Netscreen acquisition could bear fruit for Juniper

Router company Juniper Networks' acquisition of NetScreen Technologies has been seen by analysts as an attempt to gain ground...

Router company Juniper Networks' acquisition of NetScreen Technologies has been seen by analysts as an attempt to gain ground against Cisco Systems in the enterprise network arena, although they admitted that nothing is likely to happen in the near future.

Last week, Juniper agreed to acquire NetScreen, a supplier of firewalls and virtual private network technology, in a stock deal valued at approximately $4bn.

A top Juniper executive downplayed the notion that the deal was designed to bring the company into a new market, but pointedly dismissed the distinction between carrier and enterprise networks. Christine Heckart, vice president of marketing at Juniper, said the aim is to provide networks reliable and flexible enough to keep all kinds of fixed and mobile devices connected.

"The whole distinction between service provider and enterprise is very outdated," she added.

"If you need a virtual resource, a network that will respond to your business needs and a network that is mission critical ... then you're in our customer base. How you classify your business is not going to determine whether or not you're a viable target customer for Juniper."
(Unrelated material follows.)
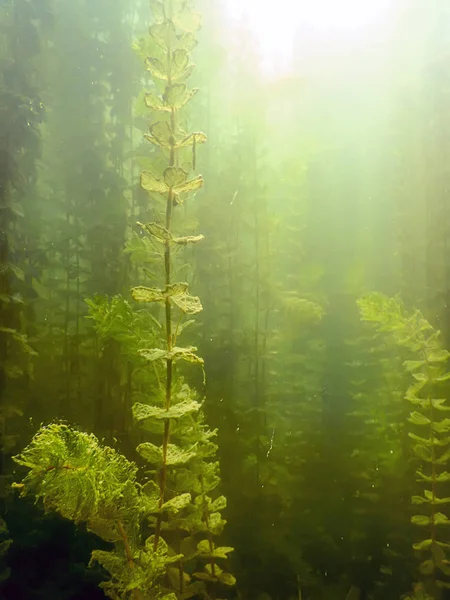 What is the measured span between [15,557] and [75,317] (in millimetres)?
806

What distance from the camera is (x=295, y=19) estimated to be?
1.72 m

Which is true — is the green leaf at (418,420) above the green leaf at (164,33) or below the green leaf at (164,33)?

Juniper was founded in 1996 with financial backing from some of Cisco's biggest rivals, and headed for Cisco's traditional stomping ground at the core of large IP networks. Despite Cisco's head start of several years in the router industry, Juniper has made significant inroads in service provider networks.
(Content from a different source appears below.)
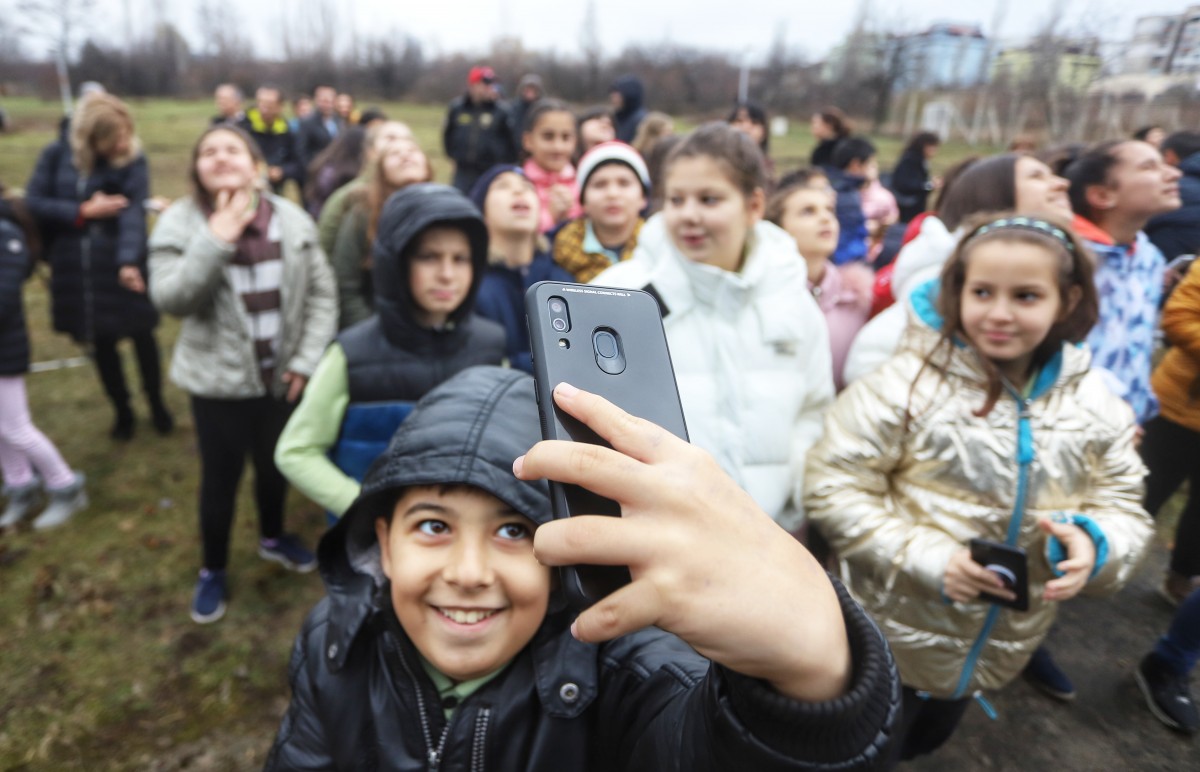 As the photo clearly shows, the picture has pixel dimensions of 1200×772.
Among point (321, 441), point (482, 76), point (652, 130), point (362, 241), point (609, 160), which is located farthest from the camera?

In 2003, Juniper captured 31% of the world's revenue for high-end routers, those that offer interfaces of 10Gbps or higher, according to Dell'Oro Group analyst Shin Umeda. That represented a gain of five percentage points from 2002, while Cisco's share fell five points to 62%.

However, Juniper does not make routers for enterprises and has not had a way to sell to those customers if they did, according to Frank Dzubeck, an analyst at Communications Network Architects.

Juniper's market share in that segment is minimal by design, while Cisco holds more than 90% of the market, said Dell'Oro's Umeda.

Dzubeck believed the NetScreen acquisition is an attempt to change this state of affairs.

"This is Juniper's way to get into the enterprise," he said. It can take advantage of NetScreen's sales channels and save itself the time and expense of building up its own organisation for that job. Over time, it also can boost the capabilities of its routers for service providers by adapting NetScreen's security technology. With it, service providers might be able to filter out viruses from e-mail and stop denial-of-service attacks."

Putting those services in the carrier network rather than at the enterprise would be a good idea, he said, citing the recent MyDoom attack that hit the SCO Group website this month.

"Why couldn't that have been filtered out before they got bombarded? There's an awful lot of things that can be done if the edge of the network and the core of the network turn out to be incredibly intelligent," Dzubeck said.

Being able to get those kinds of protection from a service provider could be a boon to enterprises, mainly at their branch offices, said Yankee Group analyst Zeus Kerravala. At corporate headquarters, firewall functions will probably remain in place, although they will move from specialised appliances into sophisticated routers or switches, he added.

Kerravala agreed the vision of more built-in security is shared by Cisco, although he admitted Juniper will face an uphill battle if it tried to take on Cisco in the enterprise.

Over the years, Cisco has built a broad lineup of routers, switches and other devices for different-sized companies and many parts of the enterprise. Juniper's history so far has taken the opposite track, as the company focused on building one type of product well.

"Juniper's just a very sharp hunting knife. ... Cisco takes much more of a Swiss Army approach," Kerravala said.